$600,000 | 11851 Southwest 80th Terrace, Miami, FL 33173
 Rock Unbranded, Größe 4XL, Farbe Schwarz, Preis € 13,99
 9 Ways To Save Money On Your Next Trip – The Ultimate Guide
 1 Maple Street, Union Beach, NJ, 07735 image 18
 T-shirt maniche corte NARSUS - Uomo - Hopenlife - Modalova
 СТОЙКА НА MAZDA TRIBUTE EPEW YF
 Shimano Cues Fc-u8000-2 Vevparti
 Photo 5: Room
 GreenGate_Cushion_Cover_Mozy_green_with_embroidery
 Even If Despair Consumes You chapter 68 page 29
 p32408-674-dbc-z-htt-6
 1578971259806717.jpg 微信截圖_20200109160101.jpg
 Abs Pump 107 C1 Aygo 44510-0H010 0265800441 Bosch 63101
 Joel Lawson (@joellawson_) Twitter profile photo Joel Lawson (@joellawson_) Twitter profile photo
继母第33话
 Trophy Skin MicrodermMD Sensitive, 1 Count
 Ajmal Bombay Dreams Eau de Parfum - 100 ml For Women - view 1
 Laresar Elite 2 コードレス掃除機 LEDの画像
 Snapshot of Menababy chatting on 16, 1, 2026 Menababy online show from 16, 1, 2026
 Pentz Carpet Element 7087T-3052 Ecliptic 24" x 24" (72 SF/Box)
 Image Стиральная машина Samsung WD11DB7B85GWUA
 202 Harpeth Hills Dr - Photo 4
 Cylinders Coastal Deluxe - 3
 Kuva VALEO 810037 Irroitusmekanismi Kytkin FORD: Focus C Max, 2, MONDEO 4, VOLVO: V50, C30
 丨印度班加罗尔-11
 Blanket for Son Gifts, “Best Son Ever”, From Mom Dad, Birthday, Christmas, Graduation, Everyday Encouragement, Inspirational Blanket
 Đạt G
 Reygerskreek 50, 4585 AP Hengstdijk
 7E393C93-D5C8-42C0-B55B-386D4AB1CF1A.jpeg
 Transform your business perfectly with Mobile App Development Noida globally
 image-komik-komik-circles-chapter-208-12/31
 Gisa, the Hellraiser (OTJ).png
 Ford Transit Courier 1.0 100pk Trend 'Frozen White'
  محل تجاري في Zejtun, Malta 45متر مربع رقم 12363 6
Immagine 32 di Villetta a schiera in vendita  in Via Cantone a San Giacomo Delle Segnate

........

What this task involves →
Quote, with nothing altered, all lines from the start of the entries to the line that carries "7E393C93-D5C8-42C0-B55B-386D4AB1CF1A.jpeg", inclusive.

Answer to the problem →
$600,000 | 11851 Southwest 80th Terrace, Miami, FL 33173
 Rock Unbranded, Größe 4XL, Farbe Schwarz, Preis € 13,99
 9 Ways To Save Money On Your Next Trip – The Ultimate Guide
 1 Maple Street, Union Beach, NJ, 07735 image 18
 T-shirt maniche corte NARSUS - Uomo - Hopenlife - Modalova
 СТОЙКА НА MAZDA TRIBUTE EPEW YF
 Shimano Cues Fc-u8000-2 Vevparti
 Photo 5: Room
 GreenGate_Cushion_Cover_Mozy_green_with_embroidery
 Even If Despair Consumes You chapter 68 page 29
 p32408-674-dbc-z-htt-6
 1578971259806717.jpg 微信截圖_20200109160101.jpg
 Abs Pump 107 C1 Aygo 44510-0H010 0265800441 Bosch 63101
 Joel Lawson (@joellawson_) Twitter profile photo Joel Lawson (@joellawson_) Twitter profile photo
继母第33话
 Trophy Skin MicrodermMD Sensitive, 1 Count
 Ajmal Bombay Dreams Eau de Parfum - 100 ml For Women - view 1
 Laresar Elite 2 コードレス掃除機 LEDの画像
 Snapshot of Menababy chatting on 16, 1, 2026 Menababy online show from 16, 1, 2026
 Pentz Carpet Element 7087T-3052 Ecliptic 24" x 24" (72 SF/Box)
 Image Стиральная машина Samsung WD11DB7B85GWUA
 202 Harpeth Hills Dr - Photo 4
 Cylinders Coastal Deluxe - 3
 Kuva VALEO 810037 Irroitusmekanismi Kytkin FORD: Focus C Max, 2, MONDEO 4, VOLVO: V50, C30
 丨印度班加罗尔-11
 Blanket for Son Gifts, “Best Son Ever”, From Mom Dad, Birthday, Christmas, Graduation, Everyday Encouragement, Inspirational Blanket
 Đạt G
 Reygerskreek 50, 4585 AP Hengstdijk
 7E393C93-D5C8-42C0-B55B-386D4AB1CF1A.jpeg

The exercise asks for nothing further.